“I must tell you about the time there was a general gathering of all the churches around the [San Francisco] Bay at the old 25th Street church in Oakland, because Sister White was to be the speaker,” wrote Earl Williams. “The church was packed, with no room for standing, either. The church had six narrow, tall windows, arched at the top, quite a distance from the floor. I had never seen any of them opened. With the church jam-packed you can imagine how thick the air was—stifling—after all the songs and introductory remarks. By the time the sermon was to start, about half the congregation was ready to go to sleep.
“Then Sister White solemnly stood up and asked, ‘Are there any deacons here who can open up these windows and give us some fresh air? How can I preach with the congregation half asleep?’ Then she returned to her seat and sat down.

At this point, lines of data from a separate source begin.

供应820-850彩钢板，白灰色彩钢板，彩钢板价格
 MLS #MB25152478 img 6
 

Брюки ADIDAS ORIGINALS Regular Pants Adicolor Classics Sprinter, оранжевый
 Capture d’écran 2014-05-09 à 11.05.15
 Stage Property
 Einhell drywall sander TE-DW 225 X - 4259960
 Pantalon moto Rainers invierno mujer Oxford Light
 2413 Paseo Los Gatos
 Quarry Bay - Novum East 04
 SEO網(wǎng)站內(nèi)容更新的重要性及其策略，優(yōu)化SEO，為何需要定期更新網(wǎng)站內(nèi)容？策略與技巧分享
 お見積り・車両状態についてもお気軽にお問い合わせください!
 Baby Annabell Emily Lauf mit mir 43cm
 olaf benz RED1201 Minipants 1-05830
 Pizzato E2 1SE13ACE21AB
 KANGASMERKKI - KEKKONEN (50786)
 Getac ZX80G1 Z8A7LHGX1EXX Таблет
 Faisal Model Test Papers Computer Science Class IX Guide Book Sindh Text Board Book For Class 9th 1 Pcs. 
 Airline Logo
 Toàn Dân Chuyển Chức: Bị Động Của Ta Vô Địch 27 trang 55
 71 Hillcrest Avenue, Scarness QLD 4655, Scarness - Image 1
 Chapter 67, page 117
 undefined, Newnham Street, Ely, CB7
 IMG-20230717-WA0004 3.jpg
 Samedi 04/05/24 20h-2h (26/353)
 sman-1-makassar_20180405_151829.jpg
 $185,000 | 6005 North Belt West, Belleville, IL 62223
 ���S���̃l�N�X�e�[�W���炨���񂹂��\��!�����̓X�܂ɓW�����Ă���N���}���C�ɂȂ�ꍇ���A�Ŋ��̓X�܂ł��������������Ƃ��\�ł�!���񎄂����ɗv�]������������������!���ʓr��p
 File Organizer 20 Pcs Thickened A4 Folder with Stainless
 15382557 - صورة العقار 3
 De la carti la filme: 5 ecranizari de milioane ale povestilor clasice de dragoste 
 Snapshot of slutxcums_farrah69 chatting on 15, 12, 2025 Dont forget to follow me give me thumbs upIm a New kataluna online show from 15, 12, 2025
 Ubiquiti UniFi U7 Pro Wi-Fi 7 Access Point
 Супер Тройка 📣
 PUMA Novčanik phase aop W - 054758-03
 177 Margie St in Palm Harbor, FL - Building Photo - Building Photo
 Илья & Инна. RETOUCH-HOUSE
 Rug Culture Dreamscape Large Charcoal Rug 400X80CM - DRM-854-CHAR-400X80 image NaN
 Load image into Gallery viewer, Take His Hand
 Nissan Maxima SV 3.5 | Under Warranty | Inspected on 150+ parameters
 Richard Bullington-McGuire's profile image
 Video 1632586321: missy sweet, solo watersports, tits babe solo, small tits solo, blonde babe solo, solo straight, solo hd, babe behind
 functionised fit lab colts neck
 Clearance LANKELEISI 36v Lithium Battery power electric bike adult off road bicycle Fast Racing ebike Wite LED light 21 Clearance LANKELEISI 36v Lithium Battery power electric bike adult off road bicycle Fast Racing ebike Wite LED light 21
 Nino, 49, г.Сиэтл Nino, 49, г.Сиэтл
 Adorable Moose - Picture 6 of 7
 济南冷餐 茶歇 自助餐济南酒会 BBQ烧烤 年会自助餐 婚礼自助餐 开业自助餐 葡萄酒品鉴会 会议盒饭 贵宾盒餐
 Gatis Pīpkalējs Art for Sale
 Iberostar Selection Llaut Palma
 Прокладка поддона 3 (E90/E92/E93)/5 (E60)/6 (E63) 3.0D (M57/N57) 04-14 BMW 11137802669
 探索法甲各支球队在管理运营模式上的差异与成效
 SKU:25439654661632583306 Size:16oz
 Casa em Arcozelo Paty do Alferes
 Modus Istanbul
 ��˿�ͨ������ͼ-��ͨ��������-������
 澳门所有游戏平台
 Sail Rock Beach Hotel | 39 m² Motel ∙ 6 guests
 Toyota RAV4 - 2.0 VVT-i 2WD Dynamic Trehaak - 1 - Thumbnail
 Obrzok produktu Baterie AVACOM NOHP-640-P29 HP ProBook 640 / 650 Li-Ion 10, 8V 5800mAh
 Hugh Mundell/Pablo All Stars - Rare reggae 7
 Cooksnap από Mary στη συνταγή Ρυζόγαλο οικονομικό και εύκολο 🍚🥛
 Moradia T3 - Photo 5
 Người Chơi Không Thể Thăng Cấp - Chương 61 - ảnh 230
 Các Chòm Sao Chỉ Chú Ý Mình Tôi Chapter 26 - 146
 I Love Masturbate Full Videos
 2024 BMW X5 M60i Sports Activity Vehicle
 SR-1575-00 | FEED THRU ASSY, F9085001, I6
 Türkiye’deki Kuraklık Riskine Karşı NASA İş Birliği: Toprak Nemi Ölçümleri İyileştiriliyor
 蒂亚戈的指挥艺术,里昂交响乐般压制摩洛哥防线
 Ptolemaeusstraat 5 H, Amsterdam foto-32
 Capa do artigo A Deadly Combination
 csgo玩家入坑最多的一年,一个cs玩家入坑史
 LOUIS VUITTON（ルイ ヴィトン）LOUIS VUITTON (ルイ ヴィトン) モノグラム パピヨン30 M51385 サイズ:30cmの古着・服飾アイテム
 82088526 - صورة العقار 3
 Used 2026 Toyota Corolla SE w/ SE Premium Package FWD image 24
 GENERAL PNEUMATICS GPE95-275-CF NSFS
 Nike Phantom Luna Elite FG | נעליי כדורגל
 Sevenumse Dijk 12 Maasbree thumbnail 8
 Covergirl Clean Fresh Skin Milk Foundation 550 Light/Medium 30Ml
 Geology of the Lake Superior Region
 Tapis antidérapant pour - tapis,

“You have never seen such scurrying around in your life as those deacons trying to get the windows pulled down. They could not find the pole with the hook on it to grab the sash and pull it down. Finally someone found it in the school behind the church. But no matter how hard they tried, they could not budge the sash. It was stuck for good.
“You can imagine how amused everyone was during all this time. Sister White calmly sat there waiting to feel that fresh air she had requested. Finally they got a tall ladder outside and with a hammer and chisel broke the sashes loose from the casings so they could open all the windows. Then Sister White stood up, threw back her shoulders as far as she could, took a long, deep breath, and said, ‘Now that is more like it. All of you sit up straight in your seats and breathe deeply. I refuse to talk to a congregation that is half asleep!’ Then she talked about the benefits of fresh air and how it influences the brain.
“I noticed that for several months those windows were kept down for ventilation; but sad to say, gradually those who complained about drafts won out. You guessed it—as far as I can remember they were never opened again. I think that if Sister White were to preach again, the deacons would rush around and open them up wide for her.”